Would you restate, exactly as they appear, the lines from the one containing "Gold round picture frame" through the end of the data below?
Data Block Start
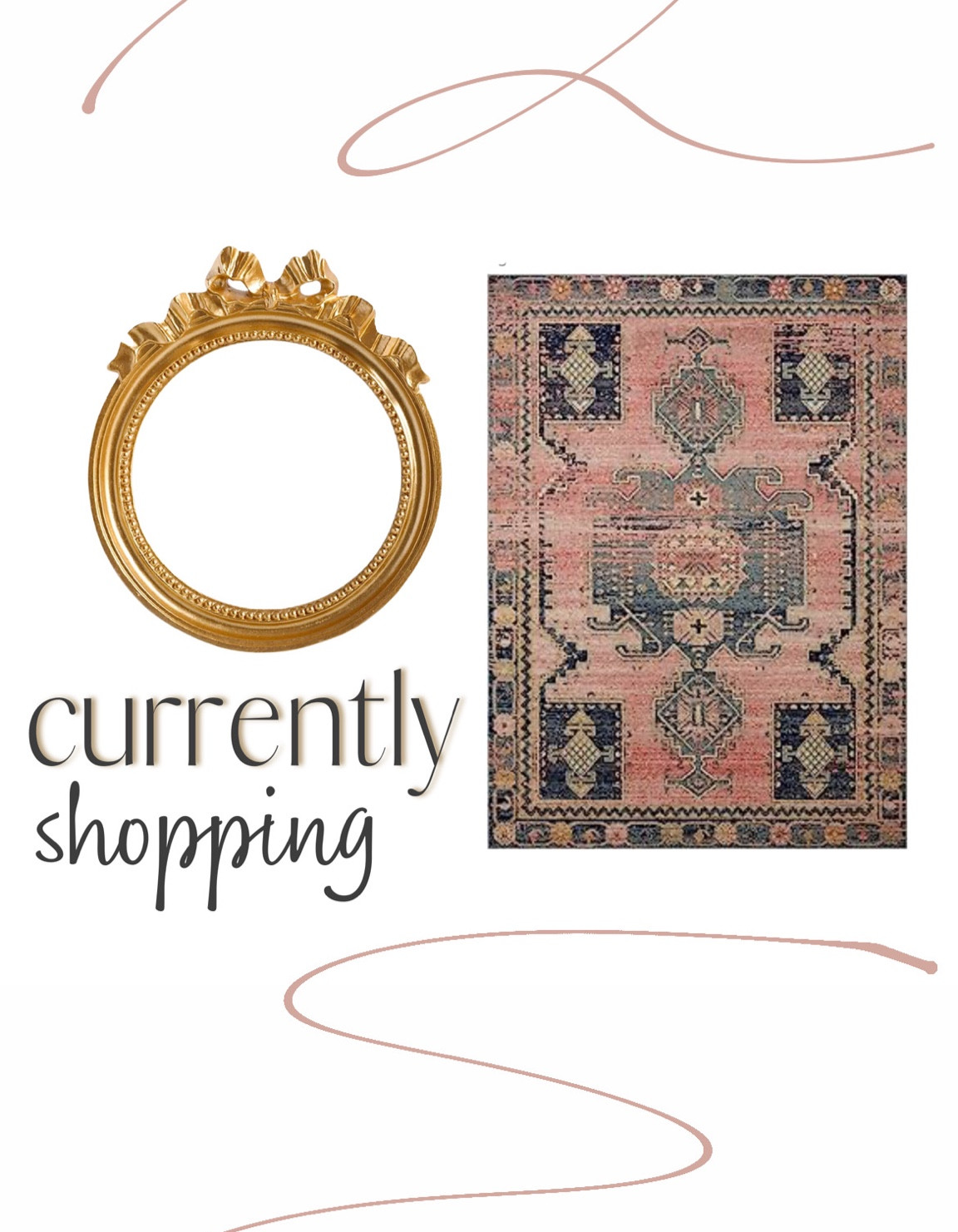 Amazon prime day deals
Vintage loloi area rug
Gold round picture frame


#LTKsalealert #LTKhome #LTKxPrimeDay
Data Block End
→ **Result**
Gold round picture frame


#LTKsalealert #LTKhome #LTKxPrimeDay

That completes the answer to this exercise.